12期の広場

12期の広場

サラマリコン


市岡高校12期 萩原貞雄

 サラマリコン、シュクラン、インシャーラと聞いてピンとくる人はアラブの国に何かしら縁のある人だ。それぞれこんにちは、ありがとう、アラーの神の思し召しをという意味だ。 長年、プラント建設で中東諸国の仕事をしてきた。その中でもサウジアラビアとの付き合いが長かった。1日5回のお祈り、禁酒、豚肉の禁止などなど。

 その中でも女性が肌を見せることは厳禁だ。サウジはアラブ諸国でも厳格なイスラム教徒の国だ。女性は家の外では肌はおろか髪の毛、顔を見せてもいけない。そのため、頭の先から足首まで黒いベールを覆っており、目の部分だけを出しているのだ。でもヨーロッパのブランド品が並ぶショッピングセンターを覗くと服、靴、下着などは色もハデハデで家の中と外では大いに違うのだ。

 その国でのお話。プラント建設というと何年もかかるので長期でその国に滞在することになる。ある時正月を日本で過ごした私は新年をサウジで迎えた人の為にお土産をと思い、何が良いかいろいろ考えた。酒はご法度で、税関で見つかるとカラブチ(留置場)行きとなることを承知していた。中東のカラブチは待遇が極端に悪いのでそんなことはしない。 ビデオをお土産に持参することにした。いくつかのビデオを準備してサウジに持ち込んだ。当時はサウジの空港の入国審査、通関に半日位かかることも珍しくなかった。

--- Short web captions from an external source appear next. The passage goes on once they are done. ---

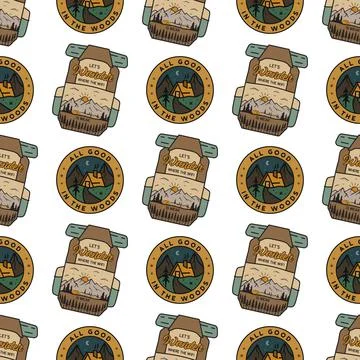 Camping badges pattern. Adventure seamless background. Stock texture Stock Illustration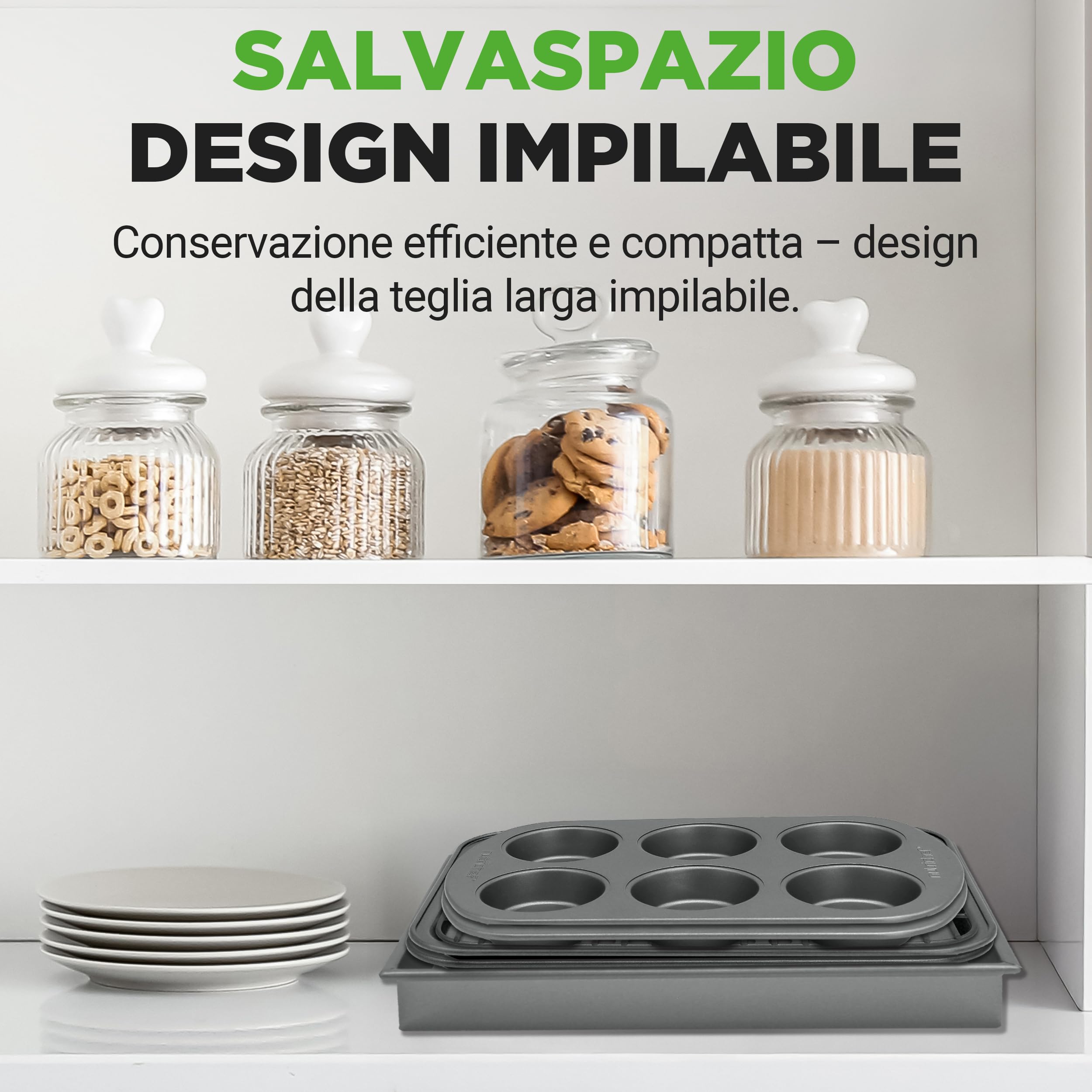 NutriChef Set 6 Teglie da Forno 6 Pezzi, Teglie Forno per Pane, Patatine, Dolci, Torta, Biscotti, Stampo Muffin in Acciaio Resistente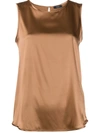 Peserico Bead-collar Silk Top In Brown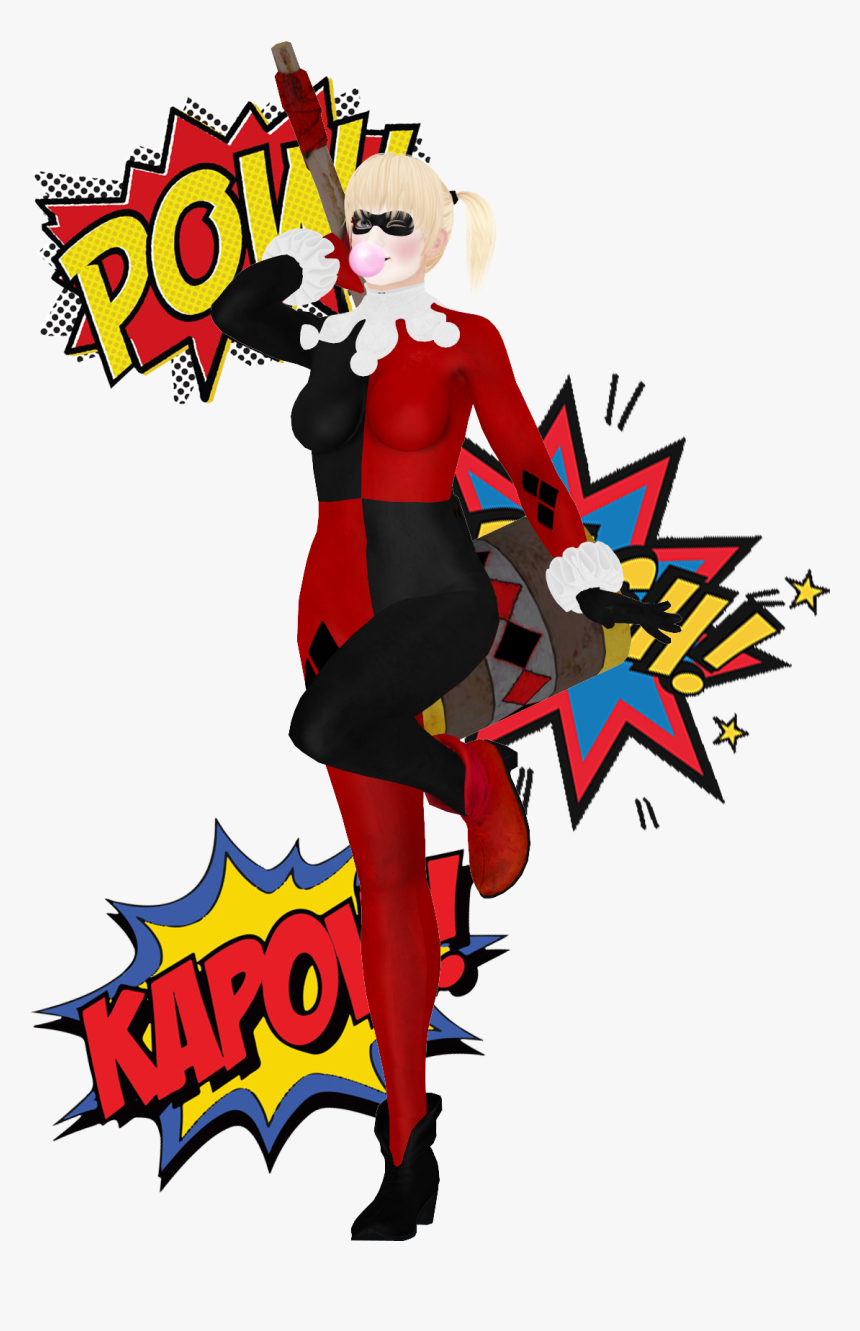 Comic Book Pow, Hd Png Download - Mmd Harley Quinn Dl, Transparent Png, Free Download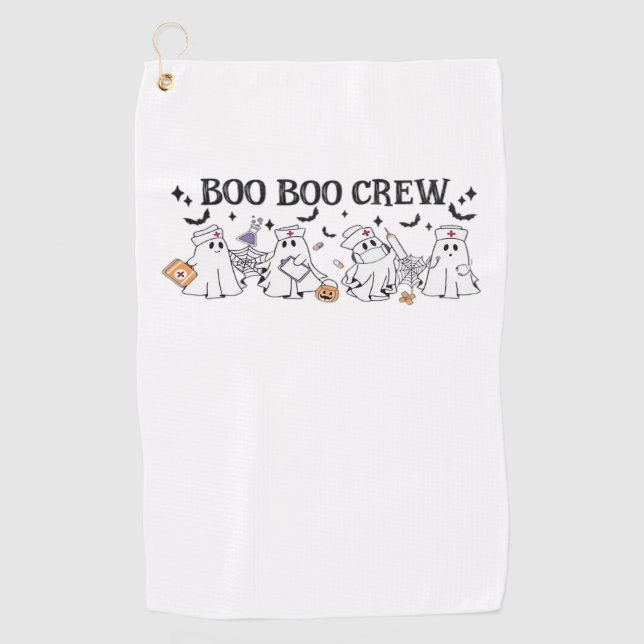 Toalla De Golf camiseta clásica de boo Boo Crew Halloween (Anverso)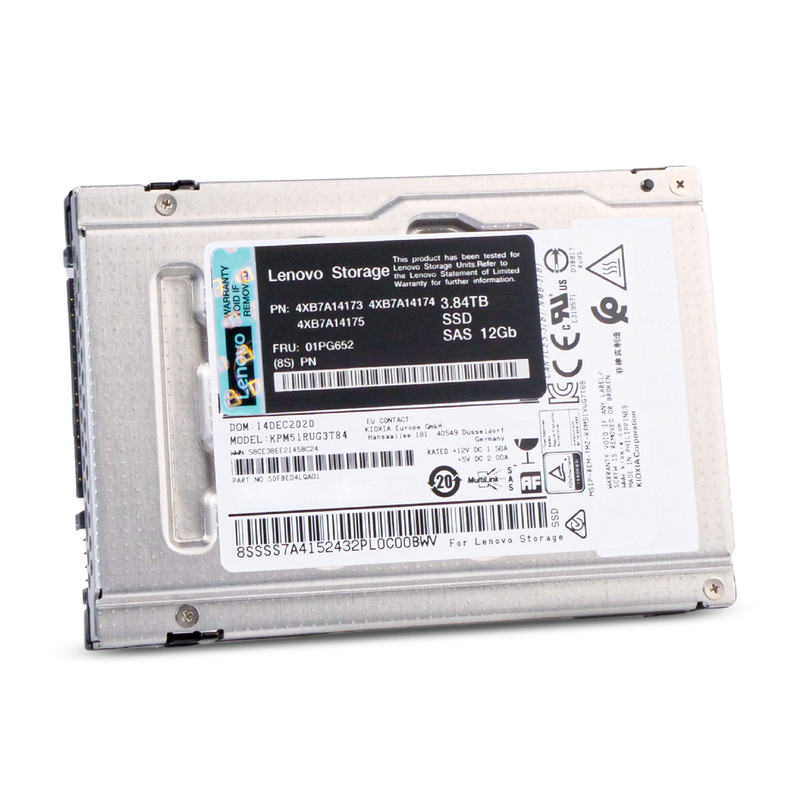 Lenovo/Kioxia PM5-R KPM51RUG3T84 3.84TB 1 DWPD SAS 12Gb/s 3D TLC 2.5in Refurbished SSD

 余談になるが、それまでにも入国する時、私のパスポートが1941年広島生まれとなっているのを見てお前良く生きていたなあと同情してくれたこともあった。原爆のことを言ってくれているのだ。実際は1941年大阪市港区生まれだがパスポートの発行が本籍の広島となっているためだ。

 それはさておき今回の入国審査は問題なくいつもの通りパス。 いよいよ通関となり荷物は全部調べられる。ビデオが出てきた。係官はそれを別室でチエックするという。しばらく待っていると係官が戻ってきてこれは持ち込めないという。なぜだと押し問答をしていたが係官はそれではこのビデオを一緒に見ようということになり別室に連れていかれビデオを再生した。ほどなく女性が舞台で歌っている場面が現れ、これがダメだという。 NHKの紅白歌合戦で女性歌手が歌っているだけの画面だ。少し胸や手足を出してはいるが。

親切にもビデオテープは画面を消せば持ち込めるという。 とんだお土産となった。



国際コンソーシアムでイタリアチームと打合。左から2人目が筆者。